On the Redshift Evolution of MgII Absorption Systems
Jeremy L. Tinker (Berkeley/BCCP) Hsiao-Wen Chen (Chicago/KICP)

TL;DR
This study models the evolution of MgII absorption systems with redshift by linking them to dark matter halos, revealing that gaseous halo evolution explains observed absorber statistics and predicting how clustering bias varies over time.
Contribution
It introduces a halo occupation model that constrains MgII absorber evolution and predicts clustering bias changes across redshift, highlighting the role of gaseous halo evolution.
Findings
MgII absorber evolution is driven by gaseous halo changes.
Strong absorbers are associated with ~Mcrit halos across redshifts.

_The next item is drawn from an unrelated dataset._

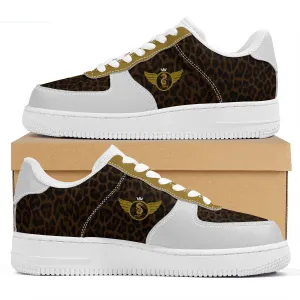 Gold Series - White and Black | Low Top Customized | Shoe Zero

Clustering bias anti-correlation with equivalent width flattens around z~1.5.
Abstract
We use a halo occupation approach to connect MgII absorbers to dark matter halos as a function of redshift. Using the model constructed in Tinker & Chen (2008), we parameterize the conditional probability of an absorber of equivalent width Wr being produced by a halo of mass M_h at a given redshift, P(Wr|M_h,z). We constrain the free parameters of the model by matching the observed statistics of MgII absorbers: the frequency function f(Wr), the redshift evolution n(z), and the clustering bias b(Wr). The redshift evolution of Wr>1 A absorbers increases from z=0.4 to z=2, while the total halo cross section decreases monotonically with redshift. This discrepancy can only be explained if the gaseous halos evolve with respect to their host halos. We make predictions for the clustering bias of absorbers as a function of redshift under different evolutionary scenarios, eg, the gas cross…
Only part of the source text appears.